# A masterpiece as lighter



## Genoa Slingshot (Oct 29, 2015)

Hi folks, I just recieved a gift from my buddy Slingshotnew.
This is a slingshot designed by Torsten called by us Torsten's Dream.
It's made with carbon fiber and micarta with aluminium core. It is a real masterpiece!
I want to say a big THANK YOU to Master Stefano aka Slingshotnew so I made this video dedicated to him.
Grazie Ste questo è per te!


----------



## BC-Slinger (Jan 6, 2013)

Looks like a top notch slinger to me congratulations my friend.

Cheers

Matt.K.M aka BC-Slinger


----------



## DEDO (Aug 24, 2015)

Grande Marco..... :bowdown: :bowdown: :bowdown:


----------



## Charles (Aug 26, 2010)

Very nice, indeed.

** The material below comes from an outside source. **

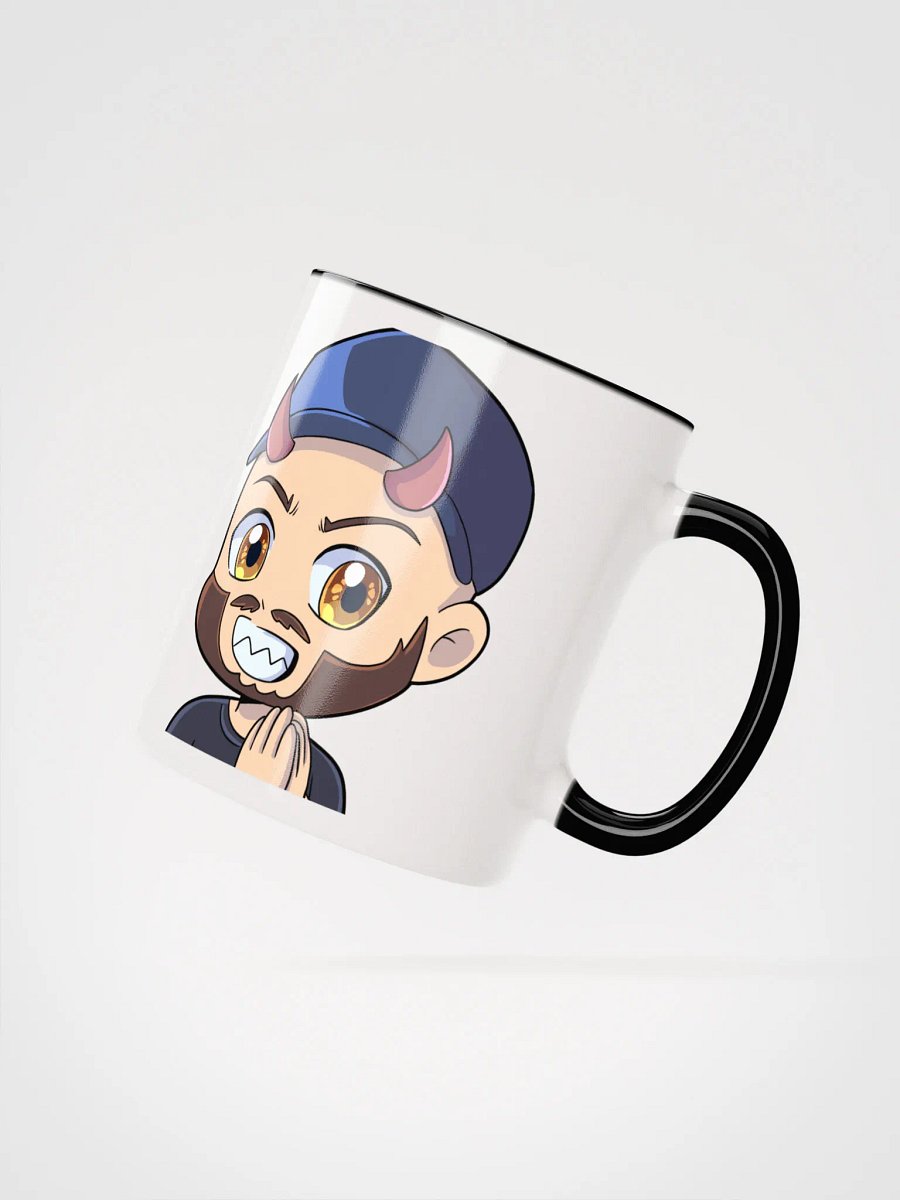 Evil Jonny colored ceramic mug product image (19)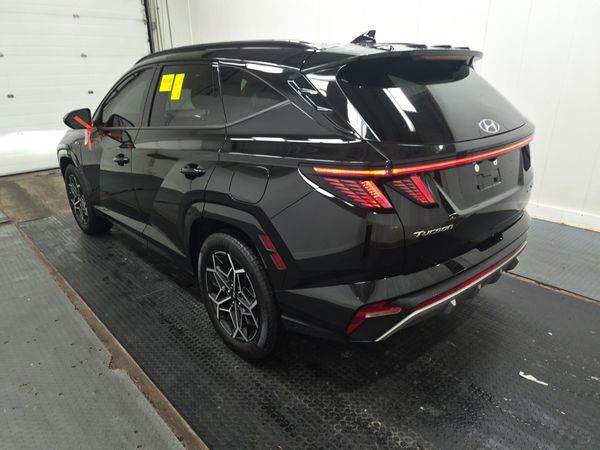 2024 Hyundai Tucson Hybrid N-LINE SEL Convenience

You and Matt have got me feeling completely inadequate!!!

Cheers ..... Charles


----------



## Genoa Slingshot (Oct 29, 2015)

Thanks Charles, you'll never be inadequate for everything about slingshot world.
To Compare me and Matt it's a big honor to me, thanks


----------



## BC-Slinger (Jan 6, 2013)

Genoa Slingshot said:


> Thanks Charles, you'll never be inadequate for everything about slingshot world.
> To Compare me and Matt it's a big honor to me, thanks


 :yeahthat:

Cheers

Matt.K.M aka BC-SLinger


----------